25 January 2009

Do the web 2.0 communities remind any one else of the glory days of the wild dot-com boom (and bust?) of the early 2000s?

The communal web (isn't that redundant?) has inspired so many different applications that one wonders why any startup would want for a business model. Upstart and favorite Twitter just raised 250 million US through an unknown VC. Meebo went through similar rounds of funding a year ago. At the time, it was unclear what the business model behind the then naked/unadorned Ajax-powered IM client would be. Twitter, with a similarly large proliferation, faces the same question: what is the business model? Meebo.com solved the problem by adding advertising to its property, which works well because the property is what the users interact with. Twitter, I imagine, is something that people use from their cell phones, from desktop rich clients like Spaz and Twitterific, and so on. Twitter is the network, not the home page. I don't know - short of suffixing every 140 character update with an ad on all outbound messages – how they can monetize it.

But, as we've seen time and time again, if you build it, they will come. Or, they will build it on top of what you built. Or something. Twitter is valuable as it's become the standard bearer for any type of "status" requirement. Facebook, Plaxo.com, etc, all incorporate it. You can embed a Twitter status on your home page, should you like. It's become an platform for an essential part of a community: presence.

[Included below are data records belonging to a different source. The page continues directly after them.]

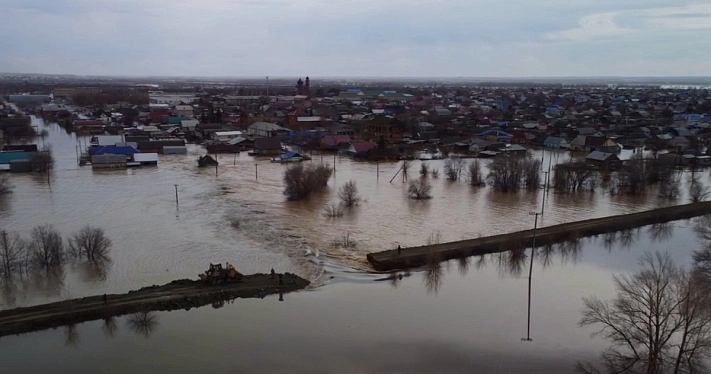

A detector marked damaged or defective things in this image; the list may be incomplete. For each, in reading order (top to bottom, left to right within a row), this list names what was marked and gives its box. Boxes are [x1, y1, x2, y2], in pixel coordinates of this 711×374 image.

damaged embankment [370, 202, 711, 272]
damaged embankment [0, 272, 308, 338] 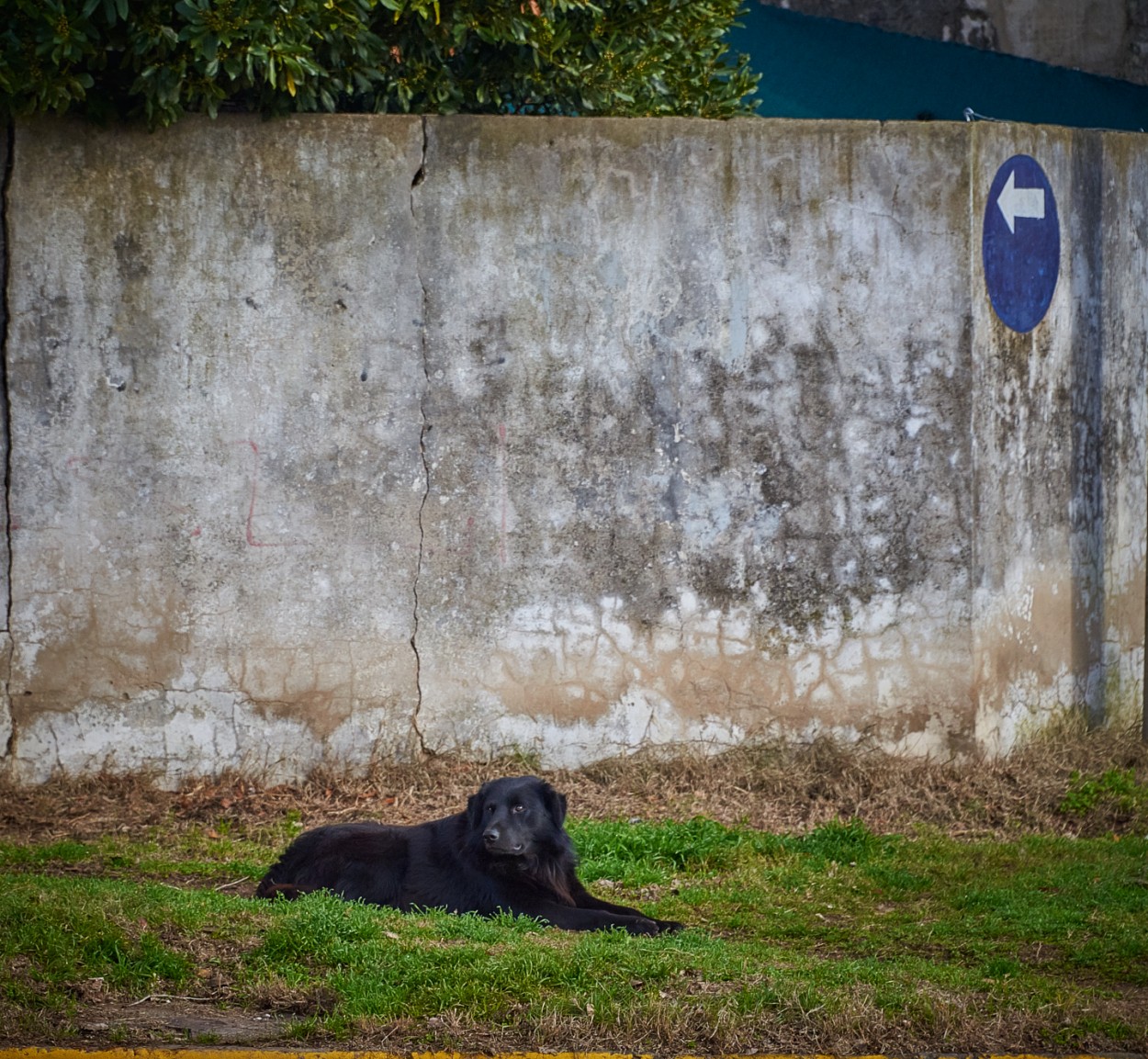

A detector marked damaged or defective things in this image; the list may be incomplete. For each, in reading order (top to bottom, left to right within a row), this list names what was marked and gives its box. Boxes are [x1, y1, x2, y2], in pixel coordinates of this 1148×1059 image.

vertical crack in wall [0, 121, 15, 758]
vertical crack in wall [411, 119, 432, 753]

In the same vein, Facebook has become so menacing a threat to established giant MySpace by encouraging development on top of its platform, where MySpace had done everything possible to thwart it. MySpace failed to provide an API and a marketplace for such improvements. There were ambitious “hacks” that tried to integrate with the site, but were ceremonially squashed through MySpace's various “security” enhancements. This is the same tact that Microsoft took with Windows in its early growth: it made development on top of Windows a very cheap proposition and promised an entrenched market for those applications. Now a days it seems like Facebook integration's de rigueur, an absolute must for any application wishing to get off the ground and into the hands of a large audience quickly. There's also a cross pollination between larger apps, such as the one between the various applications on the Facebook platform itself and other standalone services, like Yelp.com, or the new Citysearch beta.

There's no way to monetize these integrations in of themselves except that they broaden the applicability of the application.

The iPhone has had a simialar effect; it's marketplace has birthed many different applications that have been carried to exorbitant levels of profitability simply by being accessible to the audience that the iPhone application marketplace carries with it. Witness: the iFart application.

This all makes me wonder: are we seeing another dot-com boom? Do these new folksonomy-based applications rely on a quality that isn't by itself profitable and achieve profitability solely through VC investment?